S.E.M. Ensemble with its leader Petr Kotik already awaited the audience in Łaźnia Nowa Theatre. The first piece which transported us to the ”Night from the past” was Jullius Easteman’s composition Joy Boy. It turned out that the great artist, an Afro-American gay activist and rebel, showed various images in his art, including a calmer one. However, it was but a light warm-up before the next pieces on the programme. The Czech composer Petr Kotik, a friend of Eastman’s, presented his own stylistically broken vocal composition which he wrote having Eastman as a vocalist in mind – There is Singularly Nothing. Initially the combination of vocals with instrumentation seemed a not-quite-obvious choice. The text showed that as a whole the piece was conceived as an experiment with time. The musicians toyed with the category of ”beauty”, ironically commenting that the compositions ”are obviously beautiful”, but ”they are beautiful because they are difficult” but during the performance ”nothing changes”, except perhaps ”the composition itself and its duration”. At the end of the first part we heard Joseph Kubera in Eastman’s Piano 2, demonstrating a skilful use of silence in-between clearly articulated sounds.

After the intermission John Cage’s compositions reminded us that the 1970s, to which we moved back in the evening, were the period of Fluxus. And as the performers were faithful to Cage’s ideas, no one in the audience could know how the performance would end. Song Books I, II, if understood literally, should contain the entire array of pieces.

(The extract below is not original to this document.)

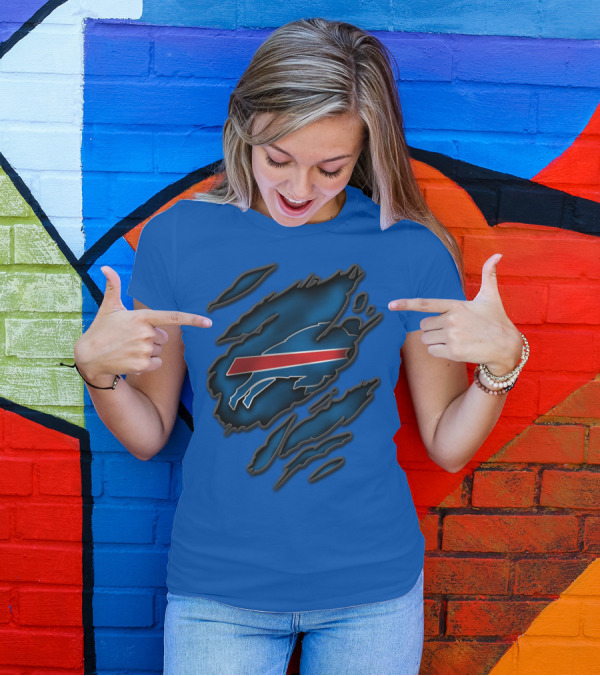 Torn Buffalo Bills Scratched T-Shirt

The initially melodious story on the acoustic condition, professionalism, relaxation, and government (”best form of government is no government at all!”) was soon distorted. The voices of S.E.M. Ensemble were muffled and glitches used. The artists howled, moaned and wailed, and generated loudspeaker sounds drifting from drone, white noise to aliquot singing. They played not only the piano, the flute and the trombone, but also used some specific objects — suddenly a balloon burst out, someone banged away at a typewriter, Charlotte Mundy scattered grass around. One musician put an apple on a chair at the rear of the room. All of the sudden Petr Kotik appeared on the stage wearing a pig mask, and soon left the stage.. Fluxus - the wave of art ”in process” left the task to put the symbols appearing during the performance in order to the our own resources.

The final Eastman’s Macle was a perfect continuation of the earlier presented project. Were there anything like a world sound library of humanity, one might say that S.E.M. Ensemble covered its entire catalogue. Onomatopoeic fragments dynamically alternated with words, gestures and symbols, dense or sparse. After around twenty minutes, at the culminating point, the vocalists dispersed in all directions in panic, wandering around Łaźna Nowa for a good while. Petr Kotik sank to the floor and ended the project lying on the floor. At the very end, as an encore, we heard Eastman’s charming miniature, one of his last compositions, Our Father, revealing yet another face of the composer – was he looking up to God?

The diversity of Julius Eastman’s output still surprises us, and yet one of his best known pieces – Evil Niger – is still ahead of us.